Returning to my theme of more formal folksonomies. It’s over a year since I wrote that and folksonomies are still very informal.
This makes it hard to find things using automated tools. For example, my depictr toy looks for flickr photos to match keywords in a song. Even when the keyword analysis is good, the pictures returned are of mixed relevance.
RDF would give us the formality we are after, clearly. But the people aren’t going to enter RDF or anything like it in the few seconds they’re prepared to spend tagging.
We want those elements though: subject, predicate and value, from which RDF could be generated. In other words:
- what is being described (a flickr photo, a link in delicious) - which we know
- what dimension of the thing is being described (eg: its creator, date of creation, colour) - which isn’t specified in the folksonomies I’ve used
- the value in that dimension (eg: Mike Harper, 9/6/2006, blue) - which is usually the tag itself
What we get is a word or phrase that has to stand for both dimension and value. For example:
football - meaning topic= football
mike harper - meaning author= mike harper
How to make this more formal? A pragmatic place to start, I think, would be to assume no-one is going to provide more information than they do now when they tag things. What can be done with that?

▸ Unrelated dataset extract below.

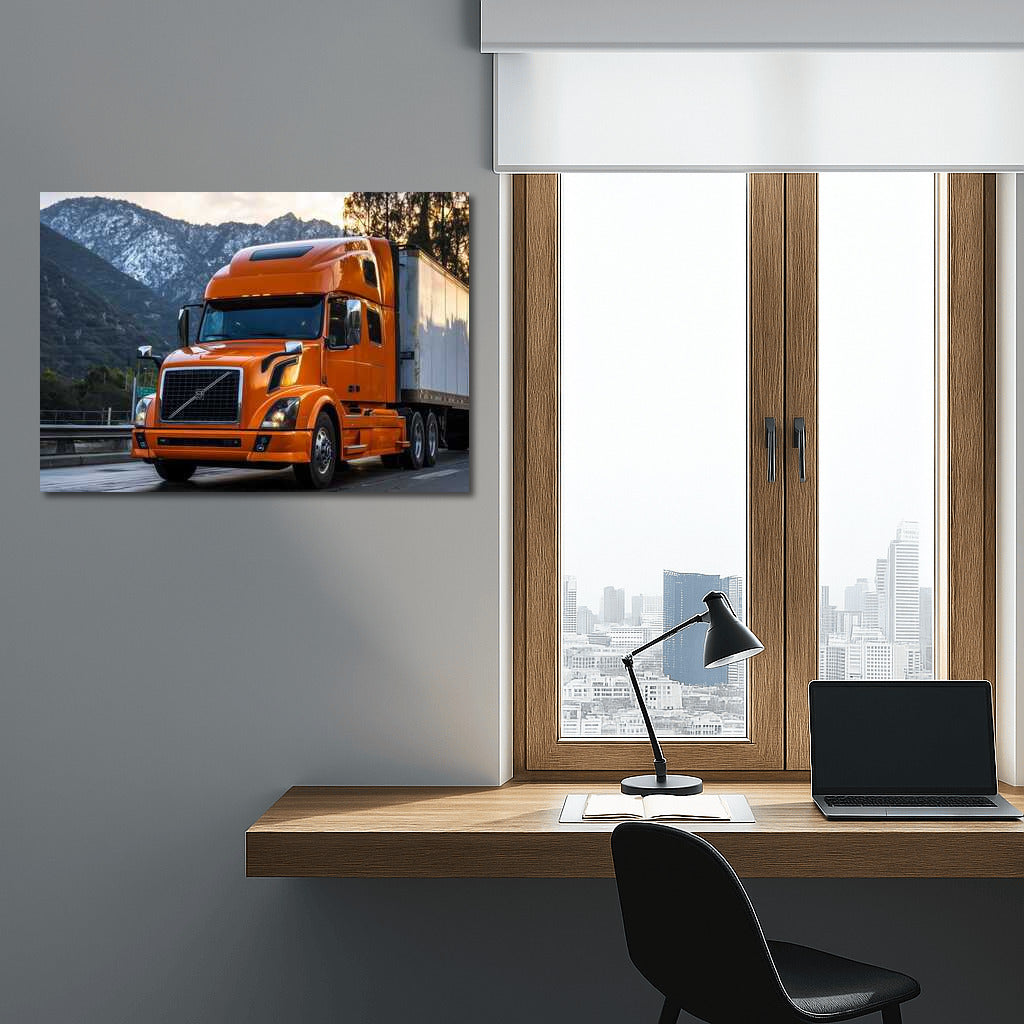 Volvo's Greatness: Orange Truck Among the Mountains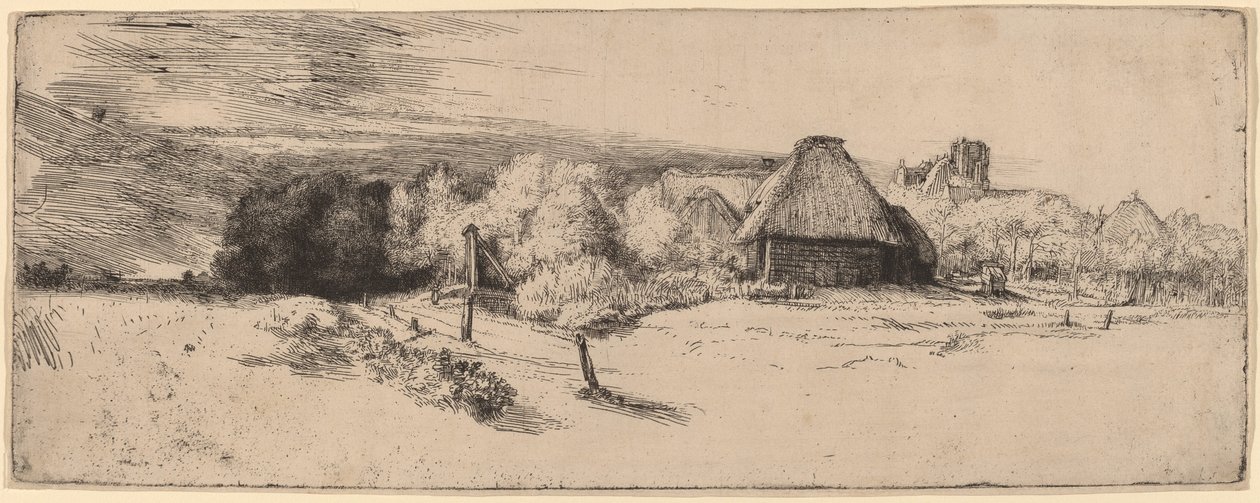 Paisaje con árboles, edificios de granja y una torre, c. 1651 de Rembrandt van Rijn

I’ve been experimenting briefly with Wordnet, a database of words and their semantic relationships. Since in this scenario words are all we are getting, this seems like a useful resource. It can tell us, if it recognises a word, how many senses it has ie: distinct meanings. If it is only known to have one, then we know that the ambiguity of that tag is quite low. If on the other hand it is known to have many meanings, it’s usefulness is limited without further information.
Wordnet also provides hypernyms - words that mean something broader than the word you specify. So for example colour has a hypernym of “visual property". “Visual property” has a hypernym of “property". This might allow some kind of reasoning about the relationship between words, such as whether they represent the same concept.
Perhaps some automated work can be done using resources like Wordnet to try to reassemble some of the meaning intended by the person doing the tagging. I’m going to play with this.